Sin makes it so that they cannot be in the presence of God. To someone who is still in their sin, Heaven would be Hell.


----------



## Peairtach (Dec 5, 2012)

Many do not hear the Gospel message which comes to them in God's grace. Even hearing the message of salvation is of God's grace, if not necessarily saving grace.

So how could such who do not hear the saving message go to Hell for the sin of spurning the great privilege of hearing the message of the Gospel? These go to Hell because of their sins, without one of these sins being the rejection of the Gospel.

They do reject the light they have of God.


----------



## jwithnell (Dec 5, 2012)

It has very little to do with an individual. Take it back to creation: man was designed to live in relation to his creator and freely chose to reject that creator. Each individual heaps on his own sin -- Paul tells the Romans that man suppresses the truth in unrighteousness. The larger question is whether Christ in his mercy has saved an individual out of his sin. And even then, the focus isn't as much on any one person as it is on having a redeemed people to glorify God throughout all eternity. 

If you are wrestling with atonement, and particular atonement, John Murray's, Redemption Accomplished and Applied would be the place to go.


----------



## KMK (Dec 5, 2012)

thistle93 said:


> Is it because they reject Jesus or because of a penalty for their sin?

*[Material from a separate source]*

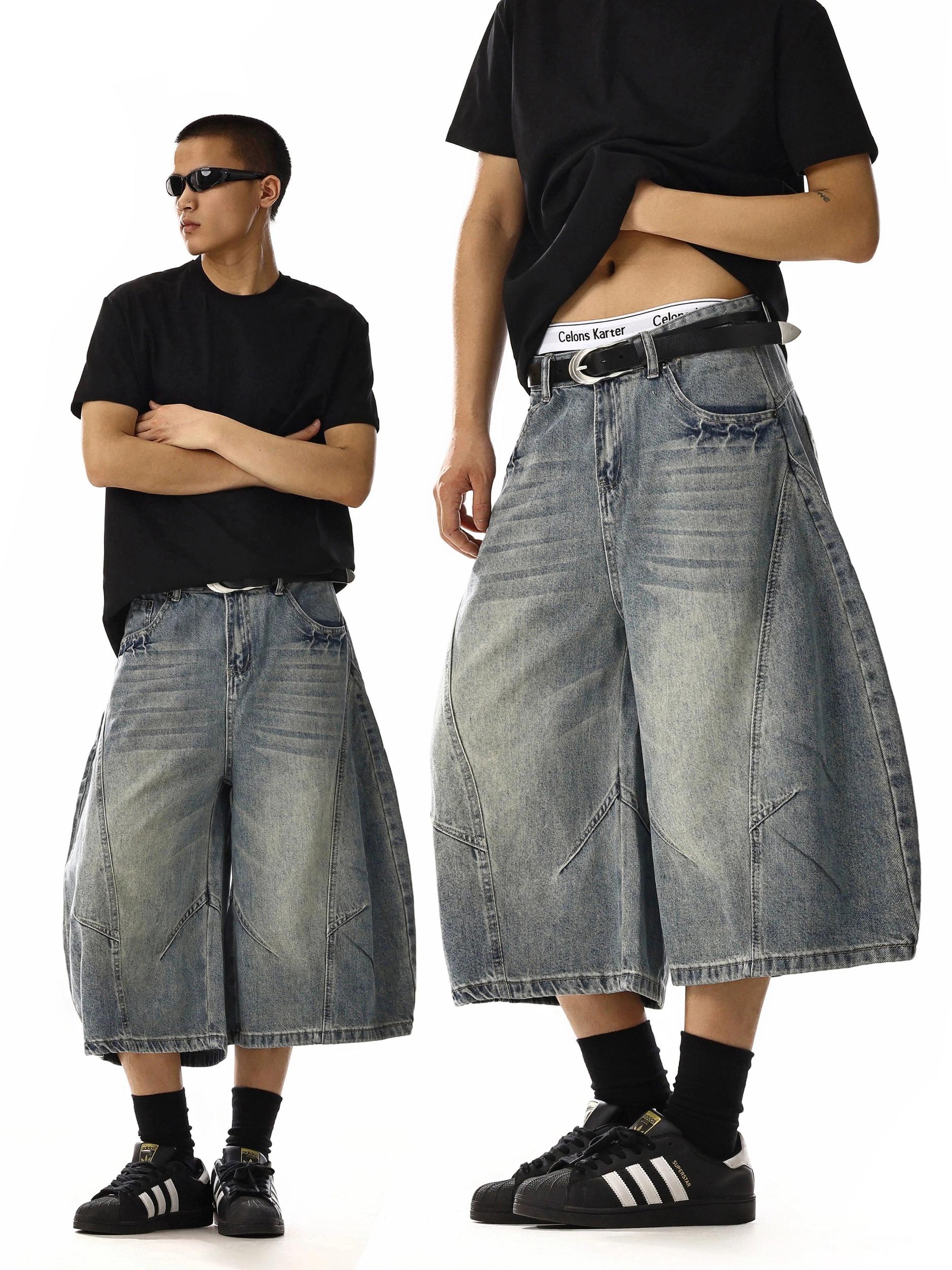 RT No. 18163 RECONSTRUCTED DENIM SHORTS Product Image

It is both since rejecting Jesus is a sin.


----------



## J. Dean (Dec 5, 2012)

thistle93 said:


> Hi! According to the Bible why do people go to hell? Is it because they reject Jesus or because of a penalty for their sin?


Yes


----------



## Jerusalem Blade (Dec 5, 2012)

People go to hell because Adam, our first father, through his sin consigned the entire human race to that destination – being dead unto God and alive unto the devil. But God had mercy on some in this hell-bound mass, and saved them from eternal death, giving them life in His Son. Therefore we promiscuously preach to all, to call the elect out of darkness and into God's light.


----------



## earl40 (Dec 5, 2012)

People go to hell because of the imputation of Adam's sin to them. People go to heaven because of the imputation of Christ's righteousness to them. Reprobation like election is not based on works. These "works" are sins of the unbeliever.


----------



## py3ak (Dec 5, 2012)

WCF 6.6

_Every sin, *both original and actual*, being a transgression of the righteous law of God, and contrary thereunto, doth, in its own nature, bring guilt upon the sinner, whereby he is bound over to the wrath of God, and curse of the law, and so made subject to death, with all miseries spiritual, temporal, and eternal._

33.2
_The end of God's appointing this day, is for the manifestation of the glory of his mercy in the eternal salvation of the elect; and of his justice in the damnation of the reprobate, who are wicked and disobedient._

Every individual sin binds those who are not made partakers of Christ into an irremediable punishment.


----------



## KMK (Dec 5, 2012)

py3ak said:


> Every sin, both original and actual, being a transgression of the righteous law of God, and contrary thereunto, doth, in its own nature, bring guilt upon the sinner, whereby he is bound over to the wrath of God,



And not only every sin in this life, but in hell also.

Dagg, Book 8



> God's dominion is universal; and the inhabitants of hell are as much bound to love and obey him, as those of heaven or earth. *Men who die in their sins, will carry with them not only the guilt accumulated during the present life, but the inclination, confirmed by habit, to continue in sin. They will hate God and blaspheme his name, and their sins cannot cease to be offensive to God,* because their moral character has become fixed and unalterable. A sinner cannot become innocent by being confirmed in sin. Were it so, the inhabitants of hell would be innocent beings; their habitation would be as pure as the high and holy place where God dwells; and their blasphemies would be as little offensive to God and all holy beings, as the songs of angels. All this is manifestly absurd. *Sin continued, will deserve and provoke continued wrath; and the future condition of the wicked is chiefly terrible, because they are abandon by God to the full exercise and influence of their unholy passions, and the consequent accumulation of guilt for ever and ever.*


----------



## newcreature (Dec 6, 2012)

We all sin, as fallen children of Adam. However, for those elected by God and saved by the work and blood of Christ, we have the gift of unlimited atonement. Therefore, our sins have been pardoned by Grace and Jesus bore the punishment for those sins. Since those sins are covered by Grace, we can now stand in the presence of the most high God.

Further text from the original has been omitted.